This month in Business Law Today, we consider one of the leading issues in consumer financial services law: debt collection. The debt collection industry is feeling enormous and unprecedented pressure from both debtors’ attorneys, who are benefitting from the federal Fair Debt Collection Practices Act’s (FDCPA) fee shifting provision, and federal regulators, who are just now venturing into uncharted regulatory territory. Until 2010, the debt collection industry never had a regulator with rulemaking authority at the federal level. Instead, federal courts created a complex body of case law interpreting the FDCPA, with wide variations across jurisdictions. But the Dodd-Frank Act has the potential to change all of that by enabling the Consumer Financial Protection Bureau (CFPB) to make rules under the FDCPA; previously, the Federal Trade Commission (FTC) could enforce the FDCPA, but could not make rules. In its third year of existence, the CFPB is starting to address debt collection while consumers are flooding courts with suits against debt collectors under the FDCPA and its state law counterparts.
On November 6, 2013, the CFPB issued its Advanced Notice of Proposed Rulemaking (ANPR) for debt collection practices, seeking responses to 450 questions and sub-questions about the debt collection industry. The questions suggest, most notably, that the CFPB is considering bringing creditors within the scope of the FDCPA and potentially imposing time-barred debt disclosures in light of the split among the circuits. This BLT mini-theme is dedicated to examining the current debt collection landscape, which was shaped by federal courts, and considering the future debt collection landscape, which will inevitably be shaped by the CFPB.
In this issue, Sulejman Dizdarevic and Matthew Stromquist consider whether the FDCPA applies to entities pursuing foreclosure actions. The FDCPA defines “debt collector” as a person regularly engaged in collecting debts on behalf of another. For the purposes of only one specific sub-section of the FDCPA, “debt collector” also includes persons who enforce security interests. This article examines the various ways in which different federal courts and the CFPB address the issue of whether a person foreclosing a security interest is a debt collector.
Donald Maurice discusses the professional obligations of debt collection attorneys. A number of recent state disciplinary actions have found that debt collection attorneys assisted in the unauthorized practice of law by inadequately supervising out-of-state attorneys when acting as local counsel or inadequately supervising non-attorneys. The article provides guidance on how to handle professional supervisory obligations in the debt collection context.

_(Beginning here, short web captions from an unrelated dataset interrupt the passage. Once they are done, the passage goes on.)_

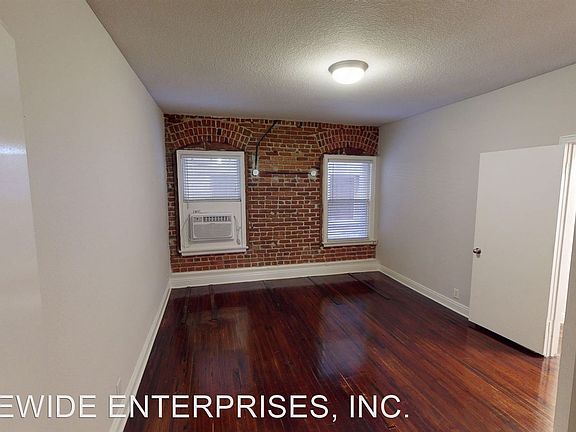 3rd image of 752 S Mariposa Ave #103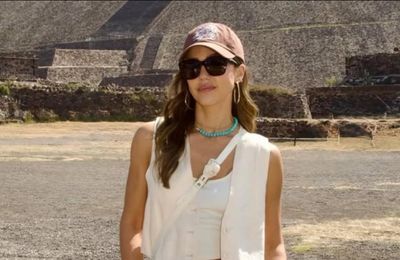 Jessica Alba makes 'forever memories' on Mexico trip after filing for divorce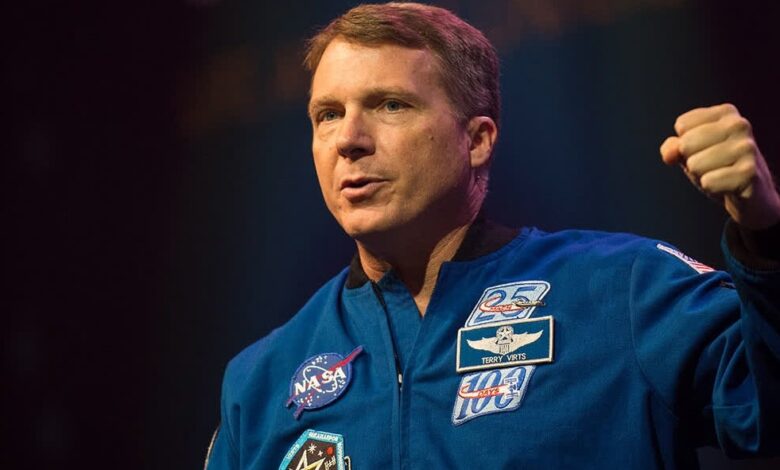 NASA enfrenta desafios no orçamento, diz ex-astronauta sobre campanha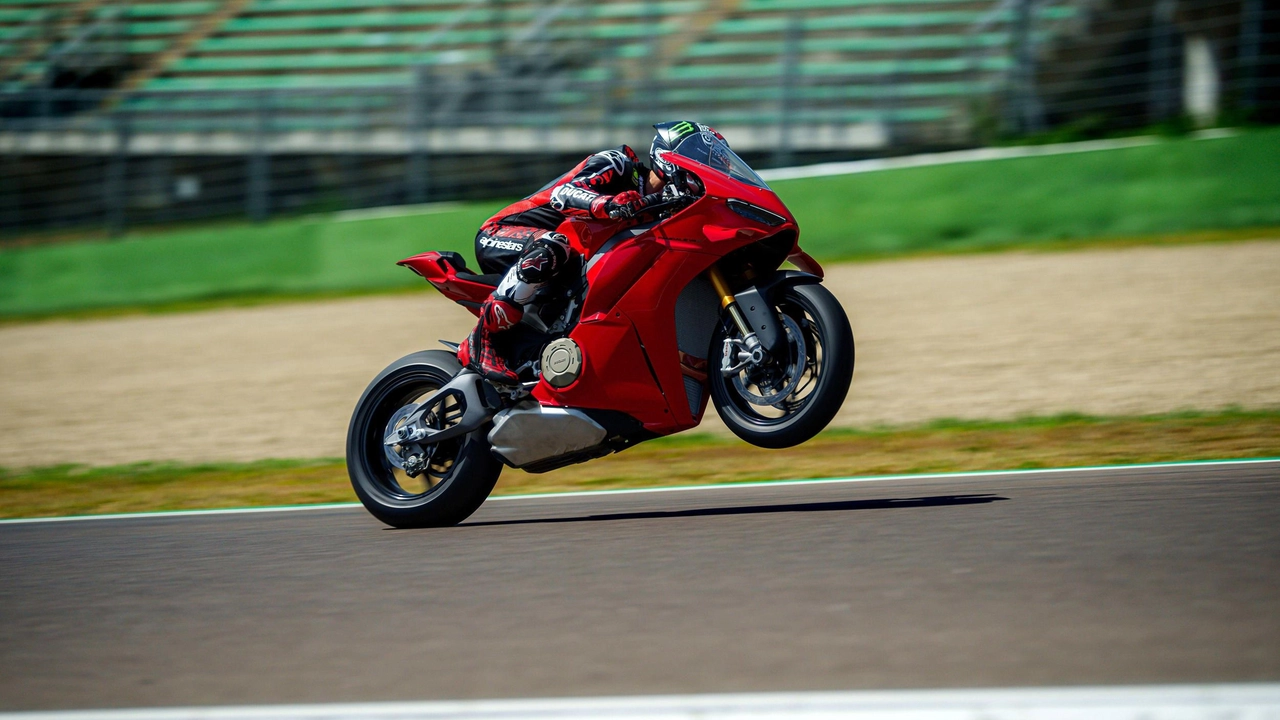 La nuova Ducati Panigale V4, ispirata alla MotoGP, unisce tecnologia e design per massimizzare le prestazioni. Leggera e potente, regala emozioni da professionista anche ai piloti amatoriali.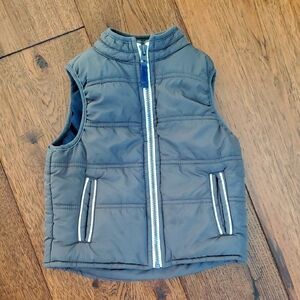 3 For $12 💚 Gray Toddler Puffer Vest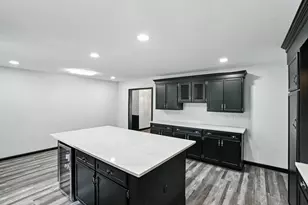 2711 Edgewood Dr, Dyer, IN 46311 - Photo 12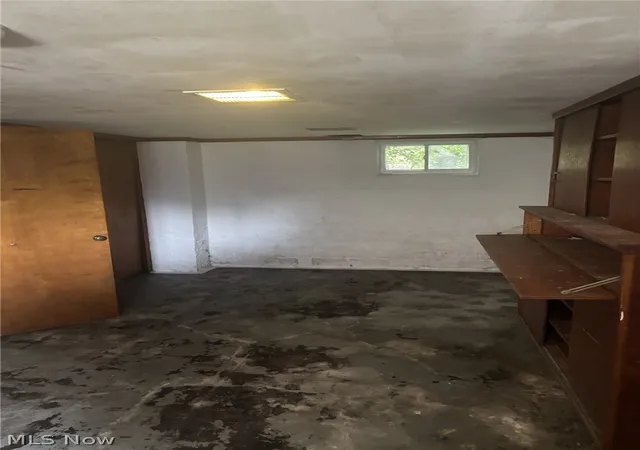 Photo 24 of Sale Pending at 15406 Huntmere Ave, Cleveland, OH 44110 | MLS# 5242272 | Listing updated on 2026-09-16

Joann Needleman describes the CFPB’s advanced notice of proposed rulemaking for debt collection practices and traces the events leading up to and immediately following Dodd-Frank, including the FTC’s debt collection industry studies. The Dodd-Frank Act of 2010 granted the CFPB specific rule making authority over persons engaged in debt collection. Pursuant to that authority, the CFPB issued a detailed Advanced Notice of Proposed Rulemaking with 450 questions covering a wide range of topics. The article considers how the themes in the ANPR questions indicate what types of rules the CFPB will make, and provides an overview of the comments that the National Association of Retail Collection Attorneys submitted in response to the ANPR.
Thomas R. Dominczyk asks whether collecting time-barred debt is really worth the risk in light of the onslaught of debtors’ lawsuits and the FTC’s and CFPB’s new focus on time-barred debt disclosures. The article traces the history of the issue, from judicial determinations of whether collection of time-barred debt violates the FDCPA, to the FTC’s requirement in a consent order with Asset Acceptance that it provide a particular disclosure when collecting time barred debt, to debtors asking courts to defer to the FTC’s disclosure requirements in the Asset Acceptance consent order, and finally, to the CFPB’s focus on time-barred debt in its debt collection ANPR and recent amicus briefs.
Rachel Marin analyzes whether and how debt collectors can charge interest under the FDCPA. Courts are divided on whether a debt collector can charge interest once the creditor has charged off the debt and stopped charging interest and what responsibilities a debt collector has to provide the debtor with information about the accrual of interest. This article discusses the nuanced variations across jurisdictions when it comes to these tricky FDCPA issues.
In his article titled “Affidavits: FDCPA Violation or State Court Concern?,” Shannon P. Miller argues that the use of the FDCPA to challenge state court debt collection litigation infringes upon a creditor’s access to the courts for redress while also overshadowing the state court’s ability to make procedural as well as evidentiary determinations related to matters properly within its jurisdiction.
On April 12, 2014, at the Business Law Section’s Spring Meeting in Los Angeles, the Consumer Financial Services Committee’s Debt Collection Practices and Bankruptcy
Subcommittee presented a CLE program titled “Assessing the CFPB's ANPR on Debt Collection Rules.” The presentation was co-sponsored by the Banking Law Committee, Consumer Bankruptcy Committee, and Credit Unions Committee. The panel discussed issues raised by the CFPB’s Advance Notice of Proposed Rulemaking on Debt Collection Rules and the comments made by consumer groups and members of the credit and collection industry. The program was recorded and is available through the Business Law Section’s Program Library.